The materials of human art are never entirely exhausted, and the applications of industry are never at an end. The national ardour is not, at any particular time, proportioned to the occasion there is for activity; nor curiosity to the extent of subject that remains to be studied.

The ignorant and the artless, to whom objects of science are new, and who are worst furnished with the conveniencies of life, instead of being more active, and more curious, are commonly more quiescent, and less inquisitive, than the knowing and the polished. When we compare the particulars which occupy mankind in their rude and in their polished condition, they will be found greatly multiplied and enlarged in the last. The questions we have put, however, deserve to be answered; and if, in the advanced ages of society, we do not find the objects of human pursuit removed, or greatly diminished, we may find them at least changed; and in estimating the national spirit, we may find a negligence in one part, but ill compensated by the growing attention which is paid to another.

It is true, in general, that in all our pursuits, there is a termination of trouble, and a point of repose to which we aspire.
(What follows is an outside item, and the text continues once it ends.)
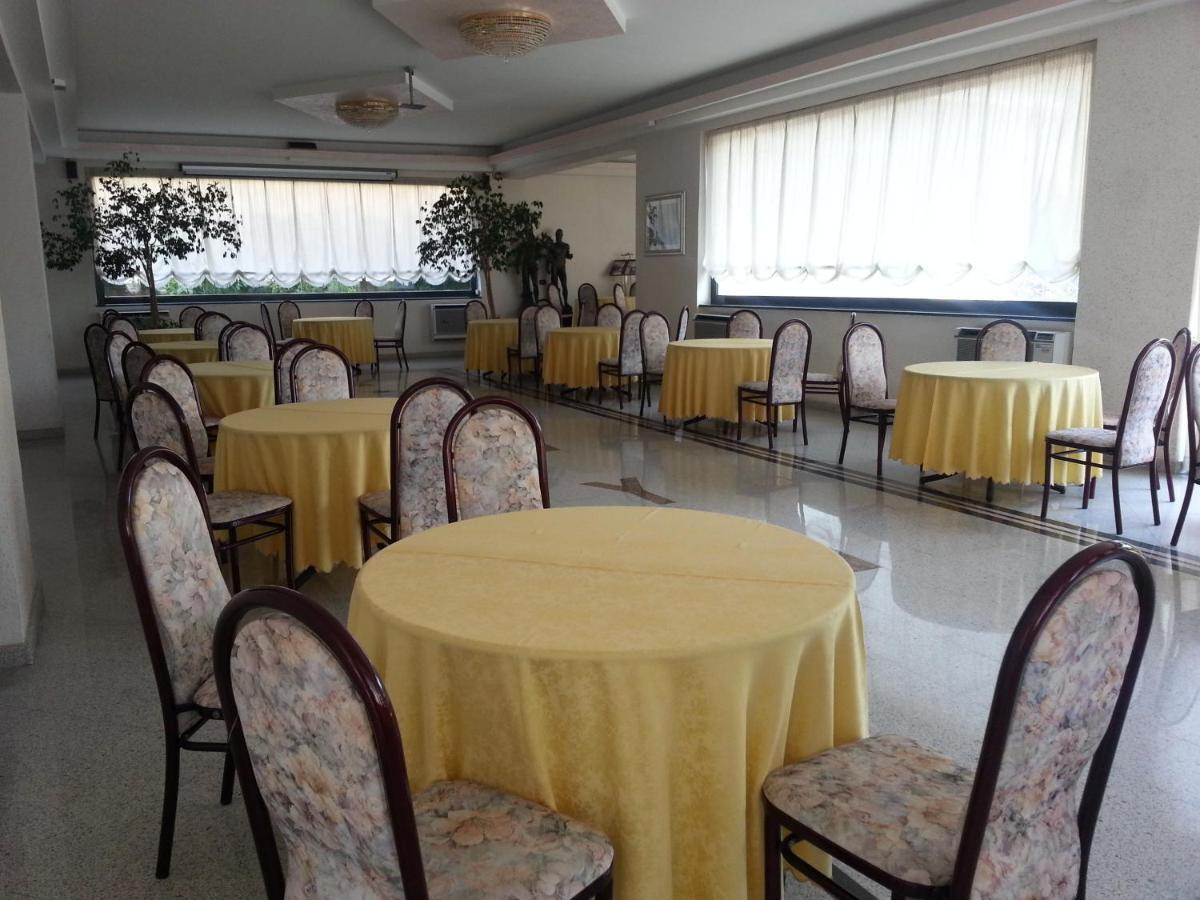 Hotel Capys Capua Luaran gambar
We would remove this inconvenience, or gain that advantage, that our labours may cease. When I have conquered Italy and Sicily, says Pyrrhus, I shall then enjoy my repose. This termination is proposed in our national as well as in our personal exertions;and in spite of frequent experience to the contrary, is considered at a distance as the height of felicity. But nature has wisely, in most particulars, baffled our project; and placed no where within our reach this visionary blessing of absolute ease. The attainment of one end is but the beginning of a new pursuit; and the discovery of one art is but a prolongation of the thread by which we are conducted to further inquiries, and only hope to escape from the labyrinth.
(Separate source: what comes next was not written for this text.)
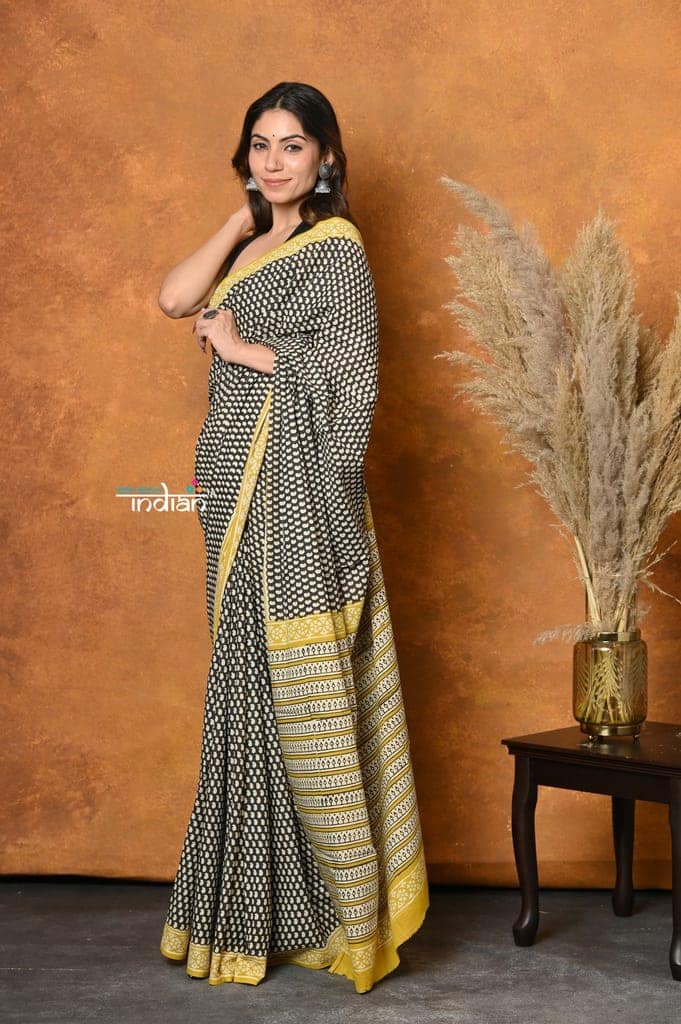 Mastaani ~ Handblock Printed Cotton Saree With Natural Dyes - Black & White view 2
Among the occupations that may be enumerated, as tending to exercise the invention, and to cultivate the talents of men, are the pursuits of accommodation and wealth, including all the different contrivances which serve to increase manufactures, and to perfect the mechanical arts. But it must be owned, that as the materials of commerce may continue to be accumulated without any determinate limit, so the arts which are applied to improve them, may admit of perpetual refinements. No measure of fortune, or degree of skill, is found to diminish the supposed necessities of human life; refinement and plenty foster new desires, while they furnish the means, or practise the methods, to gratify them.

In the result of commercial arts, inequalities of fortune are greatly increased, and the majority of every people are obliged by necessity, or at least strongly incited by ambition and avarice, to employ every talent they possess. After a history of some thousand years employed in manufacture and commerce, the inhabitants of China are still the most laborious and industrious of any people on the surface of the earth.